- GDP (PPP):
- $4.2 billion
- 3.0% growth
- 4.1% 5-year compound annual growth
- $984 per capita
- Inflation (CPI):
- FDI Inflow:
The Central African Republic’s economic freedom score is 48.8, making its economy the 166th freest in the 2021 Index. Its overall score has decreased by 1.9 points, primarily because of a decline in property rights. The Central African Republic is ranked 44th among 47 countries in the Sub-Saharan Africa region, and its overall score is below the regional and world averages.
Economic freedom in the Central African Republic has continued to decline. Considered moderately free in 2003, the country since then has been ranked more typically as mostly unfree or repressed. The Central African Republic is one of the world’s poorest countries. If political stability could be achieved, the government could prioritize improvements in business freedom and the rule of law.
IMPACT OF COVID-19: As of December 1, 2020, 63 deaths had been attributed to the pandemic in the Central African Republic, and the economy was forecast to contract by 1.0 percent for the year.
A former French colony, the Central African Republic became independent in 1960. In 1993, after more than 30 years of mostly incompetent and frequently brutal military regimes, a democracy was established. It ended in 2003 with a military coup led by François Bozizé, who was later elected president. In 2013, mostly Muslim Séléka rebels led by Michel Djotodia overthrew Bozizé. Subsequent sectarian violence precipitated French military intervention and the deployment of U.N. peacekeepers. Djotodia stepped down in 2014, and former Prime Minister Faustin-Archange Touadéra was elected president in 2016 and won reelection in December 2020. Militia violence continues to fuel population displacement and hunger. The CAR has abundant timber, gold, diamonds, and uranium.

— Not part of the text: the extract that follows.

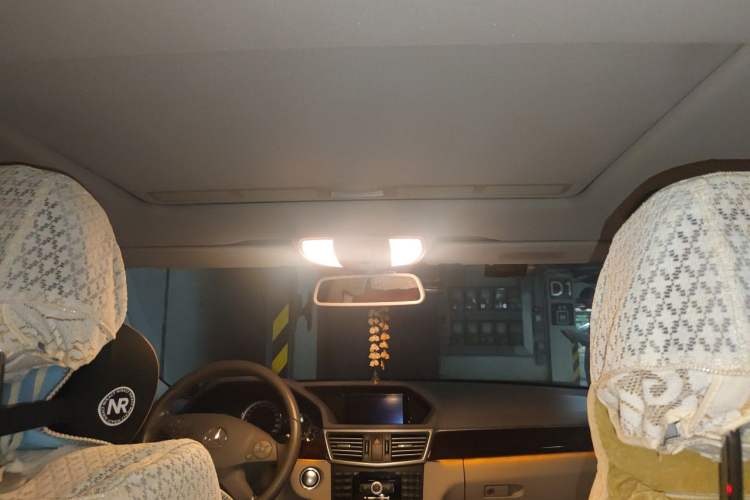 Used Mercedes-Benz E-Class 2011 E 300 L Elegant Model Headliner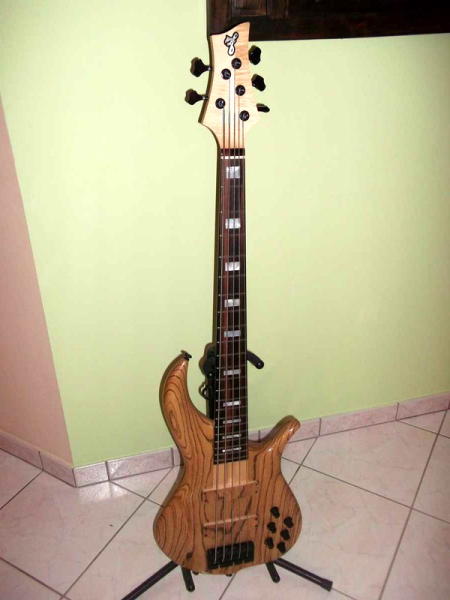 Photo : F   BASS    BN5    avec options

Protection of property rights is weak. Businesses and homes are regularly looted or extorted by armed militants, who enter homes without judicial authorization, seize and damage property without due process, and evict persons from their places of residence in the capital city of Bangui and throughout the countryside. Courts are inefficient and politicized and do not enforce their rulings. Corruption and nepotism remain pervasive.
The top individual income tax rate is 50 percent, and the top corporate tax rate is 30 percent. The overall tax burden equals 8.6 percent of total domestic income. Government spending has amounted to 16.1 percent of total output (GDP) over the past three years, and budget deficits have averaged 0.2 percent of GDP. Public debt is equivalent to 47.8 percent of GDP.
The cost of construction permitting has increased. Bankruptcy generally leads to a total loss of assets. From 2000 to 2019, men’s labor force participation was relatively stable, but women’s declined. Government distortions of the economy through subsidies and price controls are aggravated by increasing political instability that undermines the basic functioning of state institutions.
The Central African Republic has one preferential trade agreement in force. The trade-weighted average tariff rate is 17.4 percent. Persistent nontariff barriers and impediments to investment are exacerbated by political instability. The financial system is underdeveloped, and access to financing for businesses remains very limited. Less than 20 percent of adult Central Africans have access to an account with a formal banking institution.